To evaluate sarcopenic indices in relation to respiratory muscle strength (RMS) in elderly people.
This study included 65 volunteers over the age of 60 (30 men and 35 women). The skeletal muscle mass index (SMI) was measured using bioimpedance analysis. Limb muscle function was assessed by handgrip strength (HGS), the Short Physical Performance Battery (SPPB), and gait speed. RMS was addressed by maximal inspiratory pressure (MIP) and maximal expiratory pressure (MEP) using a spirometer. The relationships between RMS and other sarcopenic indices were investigated using the Pearson correlation coefficients and multiple regression analysis adjusted for age, HGS, and SPPB.

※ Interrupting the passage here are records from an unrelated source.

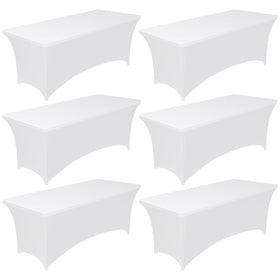 Pureegg 6ft spandex tablecloth fitted on a table for a clean, secure outdoor setup.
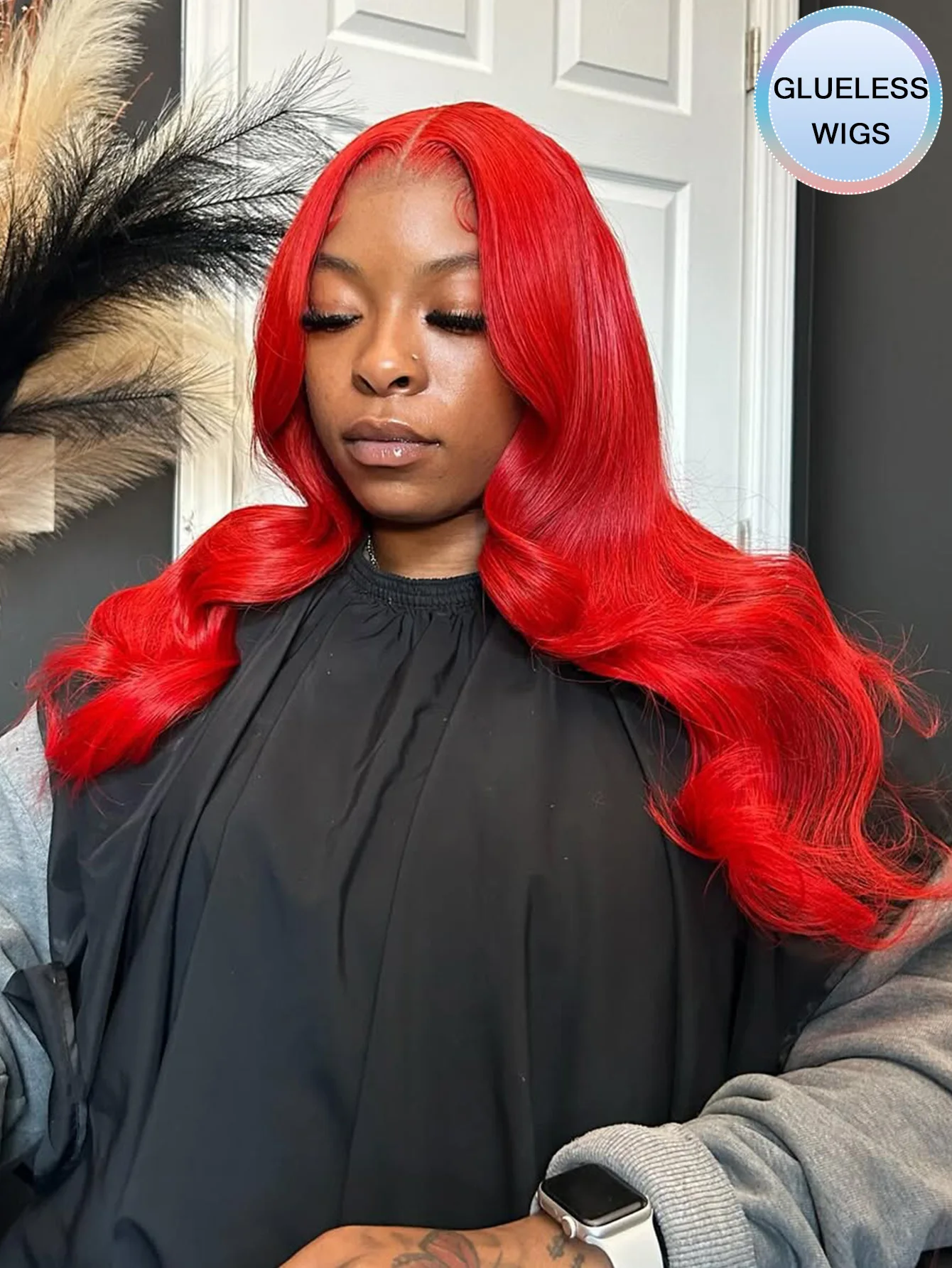 

Bye Bye Knots 13x4 Lace Glueless Wigs Bright Red Burgundy Body Wave Human Hair Wigs Glueless Wear & Go 13X6 Lace Frontal Wigs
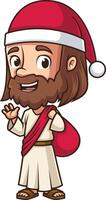 Jesus dressed as santa claus illustration vector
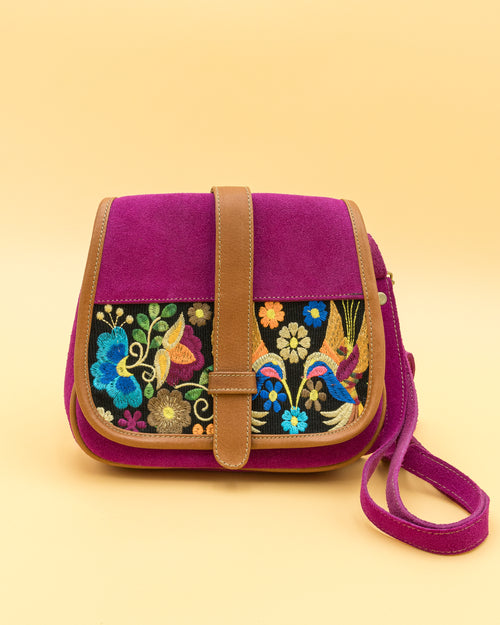 Suede Embroidered Purse - Fuchsia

Both MIP and MEP were positively correlated with SMI (r=0.451 and r=0.388, respectively, p<0.05 in both). HGS showed a significant correlation with both MIP and MEP (r=0.560, p<0.01 and r=0.393, p<0.05, respectively). There was no significant correlation between gait speed and either MIP or MEP. The SPPB was positively correlated with MEP (r=0.436, p<0.05). In the multiple regression analysis, MIP was significantly associated with HGS and SMI (p<0.001 and p<0.05, respectively), while MEP was related only with HGS (p<0.05).
This study suggests that respiratory muscles, especially inspiratory muscles, are significantly related to limb muscle strength and skeletal muscle mass. The clinical significance of MIP and MEP should be further investigated with prospective studies.